2

There is the following puzzle that stems from Neural networks:

I have a matrix $\mathbf{Y} = \mathbf{X}\mathbf{W}^{T} + \mathbf{B}$ where $\mathbf{Y} \in \mathbb{R}^{S \times N}$, $\mathbf{B} \in \mathbb{R}^{S \times N}$, $\mathbf{X} \in \mathbb{R}^{S \times M}$ and $\mathbf{W} \in \mathbb{R}^{N \times M}$,

Finally, since the whole linear operator (usually passes through an activation layer that works element-wise) $L = h(\mathbf{Y})$

I would like to calculate the $\frac{\partial L}{\partial \mathbf{W}}$. We can first calculate the result using "index notation":

$$ \left[\frac{\partial L}{\partial \mathbf{W}} \right]_{ij} = \frac{\partial L}{\partial {W}_{ij}} = \sum_{m}^{S} \sum_{n}^{N} \frac{\partial L}{\partial Y_{mn}} \frac{\partial Y_{mn}}{\partial W_{ij}} = \sum_{m}^{S} \sum_{n}^{N} \frac{\partial L}{\partial Y_{mn}} \frac{\partial(\mathbf{X}\mathbf{W}^{T} + \mathbf{B})}{\partial W_{ij}} \ \ \ \ [1]$$.

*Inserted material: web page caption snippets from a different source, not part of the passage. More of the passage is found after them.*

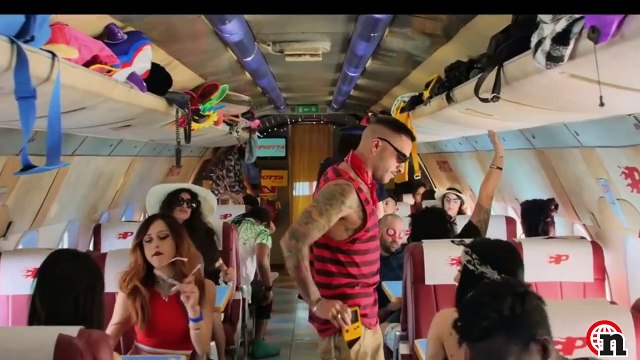 Piotta presenta il nuovo singolo Applausi al comandante poi scherza su Rovazzi | Notizie.it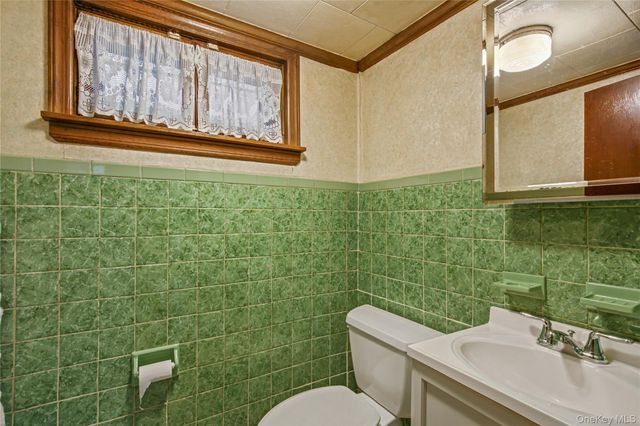 4365 158th Street, Flushing, NY 11358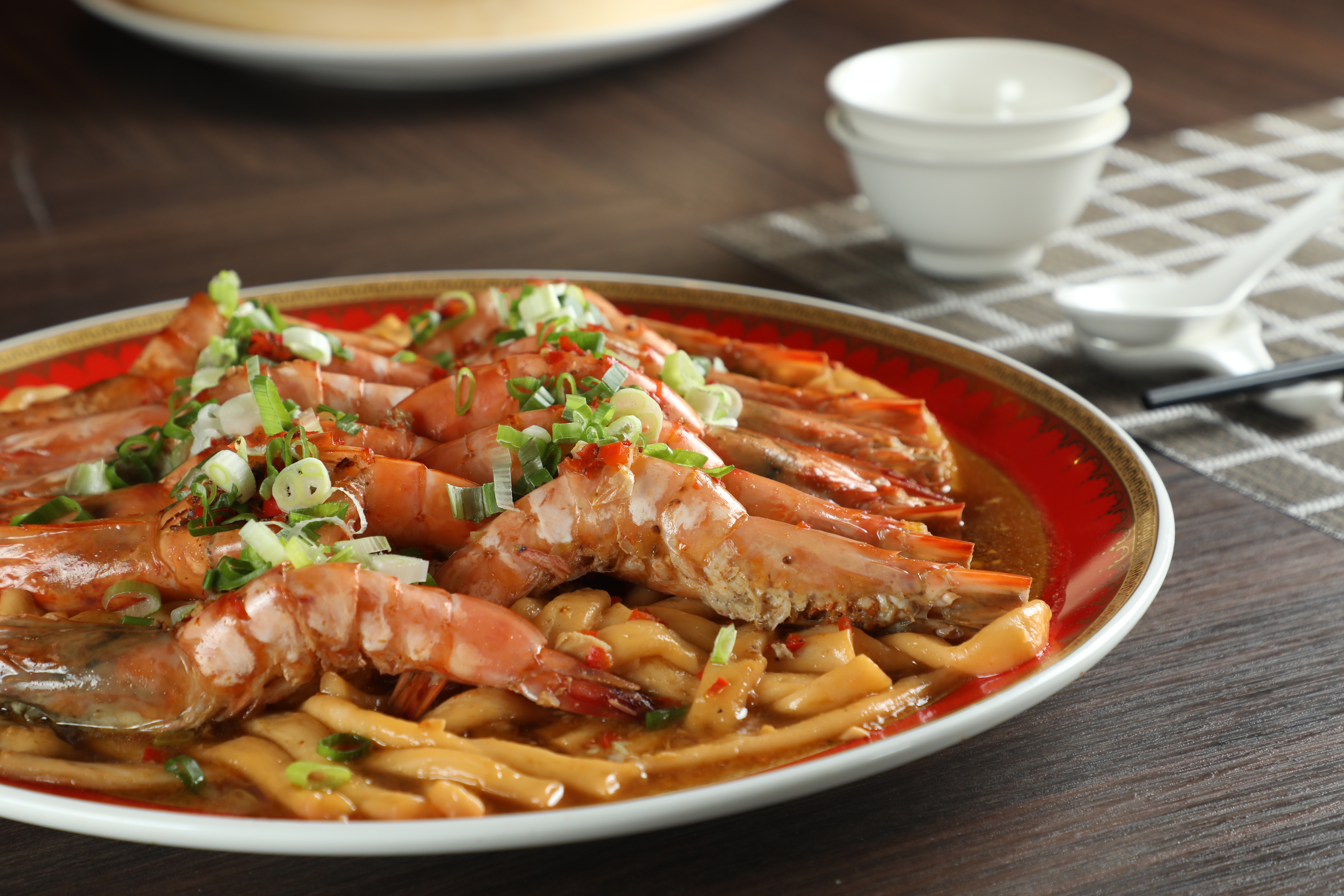 「亞太飯店」的宴會廳主打融入台菜元素的粵式料理。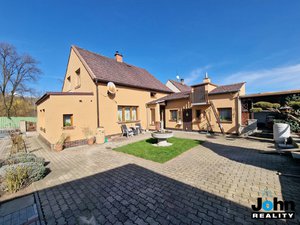 Prodej rodinného domu 200 m² Braňany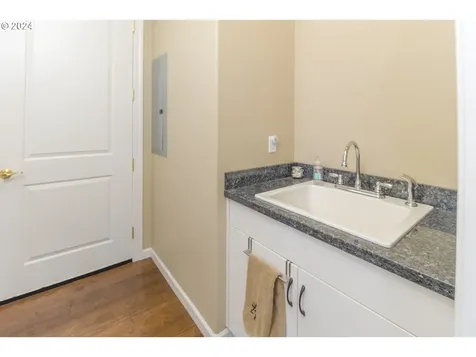 88073 Lake Point Drive Florence OR 97439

Note that we can write the expression $\mathbf{X}\mathbf{W}^{T} = \sum_p X_{mp}W_{np}$ and we can ignore $\mathbf{B}$ since it will die later during the differentiation.

So focusing on the second fraction and using Kronecker deltas we do have:

$$\frac{\partial(\mathbf{X}\mathbf{W}^{T})_{mn}}{\partial W_{ij}} = \frac{\partial(\sum_p X_{mp}W_{np})}{\partial W_{ij}} = \sum_{p} X_{mp}\delta_{in}\delta_{pj} = X_{mj}\delta_{in}$$

Now, back to Equation (1):

$$ \left[\frac{\partial L}{\partial \mathbf{W}} \right]_{ij} = \sum_{m}^{S} \sum_{n}^{N} \frac{\partial L}{\partial Y_{mn}} \frac{\partial(\mathbf{X}\mathbf{W}^{T} + \mathbf{B})}{\partial W_{ij}} = \sum_{m}^{S} \sum_{n}^{N} \frac{\partial L}{\partial Y_{mn}} X_{mj}\delta_{in} = \sum_{m}^{S} \frac{\partial L}{\partial Y_{mi}} X_{mj} = \left[(\frac{\partial L}{\partial \mathbf{Y}})^{T} \mathbf{X} \right]_{ij}$$

Back to matrix notation, we do have:

$$\frac{\partial L}{\partial \mathbf{W}} = (\frac{\partial L}{\partial \mathbf{Y}})^{T} \mathbf{X}$$

Firstly, is my logic correct? My main question is how can I motivate the conclusion from index to matrix notation?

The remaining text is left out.